===== Supplied material =====

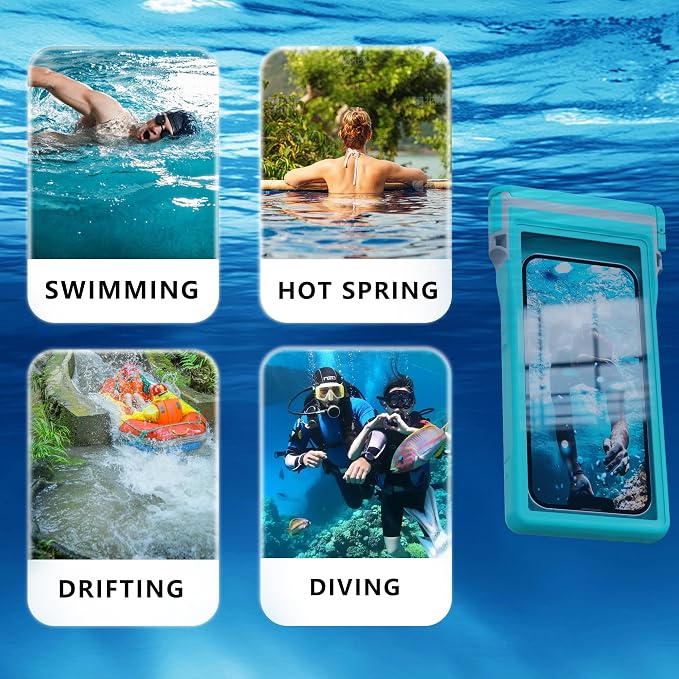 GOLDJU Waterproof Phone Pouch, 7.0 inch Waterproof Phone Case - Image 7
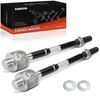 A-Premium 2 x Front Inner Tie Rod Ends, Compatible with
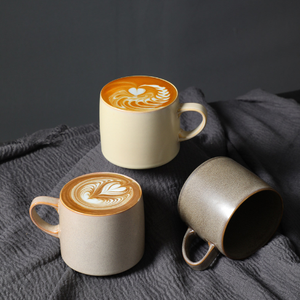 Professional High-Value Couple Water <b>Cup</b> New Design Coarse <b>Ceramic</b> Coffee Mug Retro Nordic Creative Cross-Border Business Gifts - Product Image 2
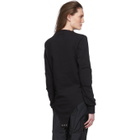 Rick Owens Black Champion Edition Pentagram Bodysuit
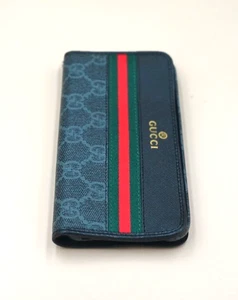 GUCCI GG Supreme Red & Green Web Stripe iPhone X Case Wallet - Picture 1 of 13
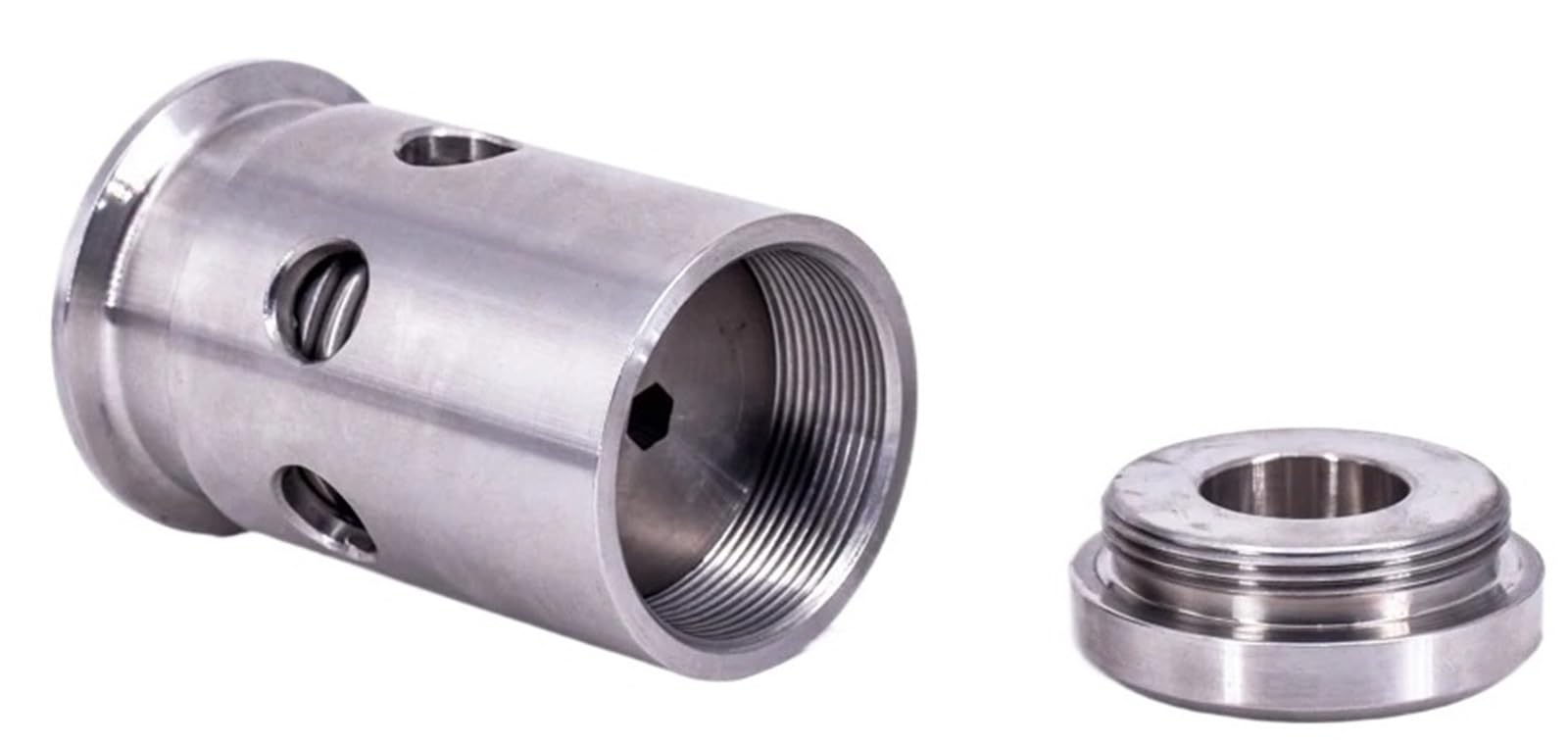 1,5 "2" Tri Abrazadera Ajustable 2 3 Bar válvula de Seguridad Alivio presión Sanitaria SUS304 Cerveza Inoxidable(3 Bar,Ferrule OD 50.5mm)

=====
===== Supplied material =====

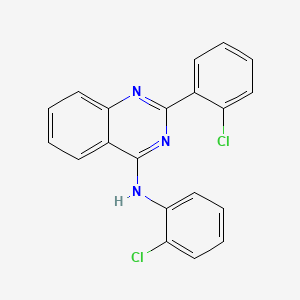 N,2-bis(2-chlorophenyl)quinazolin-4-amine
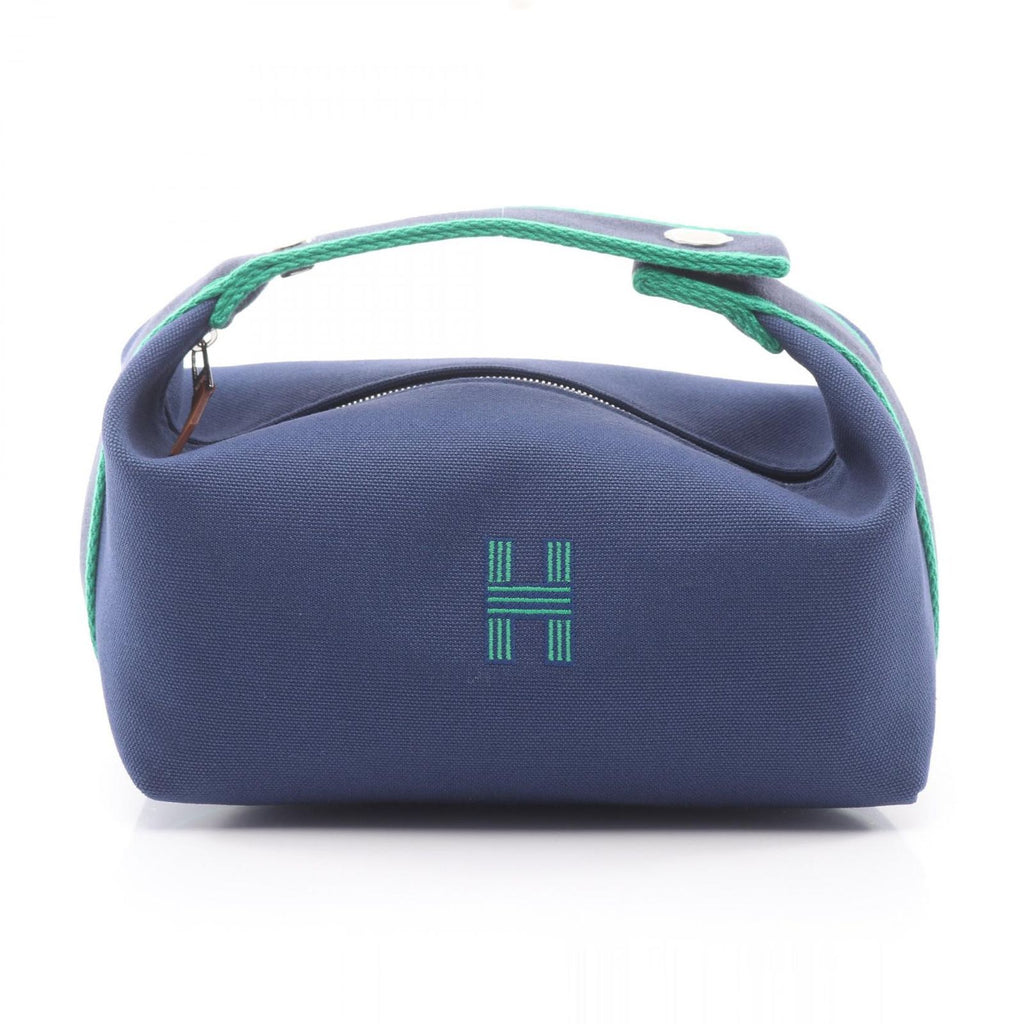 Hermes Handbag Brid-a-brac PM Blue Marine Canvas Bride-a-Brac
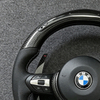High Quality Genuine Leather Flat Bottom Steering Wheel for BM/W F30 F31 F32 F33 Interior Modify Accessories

=====

_What is being asked_
Find the line with "GUCCI GG Supreme" in the entries above. Set down exactly every line from it up to and including the line with "Bar,Ferrule OD 50.5mm)", images excluded.

_Solution_
 GUCCI GG Supreme Red & Green Web Stripe iPhone X Case Wallet - Picture 1 of 13
 1,5 "2" Tri Abrazadera Ajustable 2 3 Bar válvula de Seguridad Alivio presión Sanitaria SUS304 Cerveza Inoxidable(3 Bar,Ferrule OD 50.5mm)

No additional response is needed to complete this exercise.